TASK DESCRIPTION> Skip the pictures. Output only the lines below starting at the line with "Then I'm going" and ending at the line with "Analyzing heart rhythm.", both ends included, exactly as they are.

DATASET EXCERPTS>

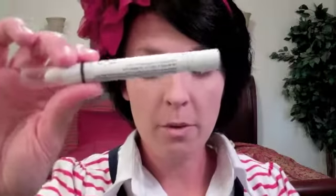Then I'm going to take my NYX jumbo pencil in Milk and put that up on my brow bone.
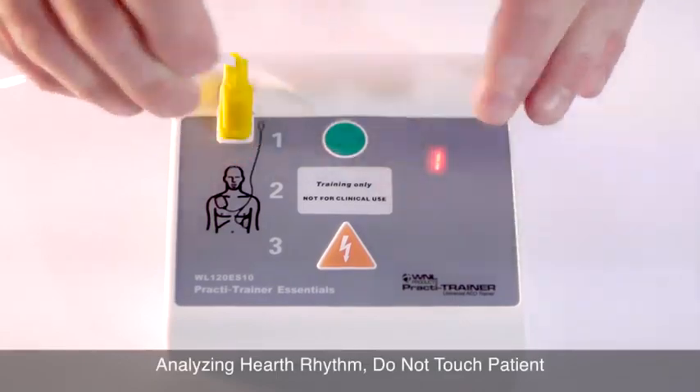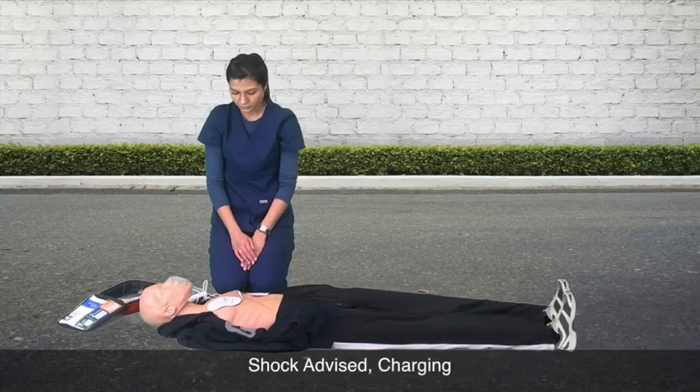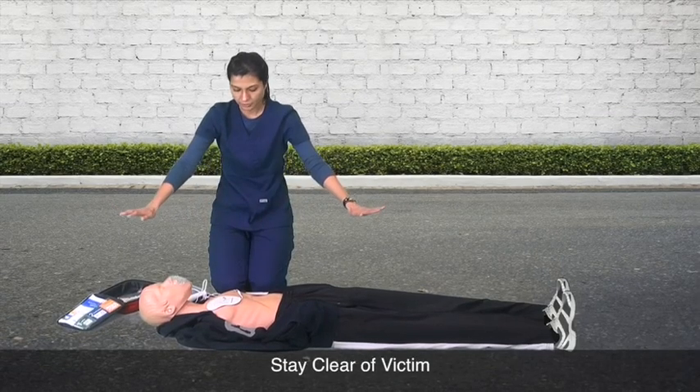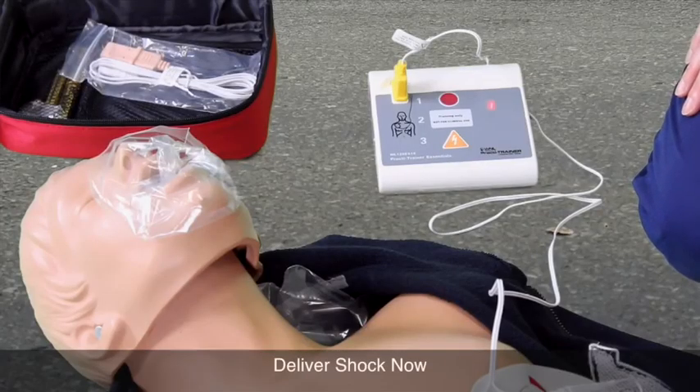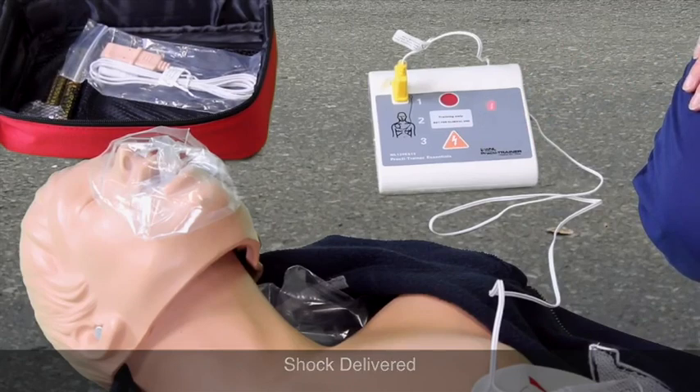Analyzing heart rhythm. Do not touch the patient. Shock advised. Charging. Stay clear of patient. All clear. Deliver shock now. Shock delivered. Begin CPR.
...
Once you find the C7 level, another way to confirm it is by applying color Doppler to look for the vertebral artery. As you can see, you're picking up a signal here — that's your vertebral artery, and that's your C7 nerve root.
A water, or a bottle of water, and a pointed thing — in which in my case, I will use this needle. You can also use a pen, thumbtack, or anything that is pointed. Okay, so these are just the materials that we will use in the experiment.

SOLUTION TO THE EXERCISE>
Then I'm going to take my NYX jumbo pencil in Milk and put that up on my brow bone.
Analyzing heart rhythm. Do not touch the patient. Shock advised. Charging. Stay clear of patient. All clear. Deliver shock now. Shock delivered. Begin CPR.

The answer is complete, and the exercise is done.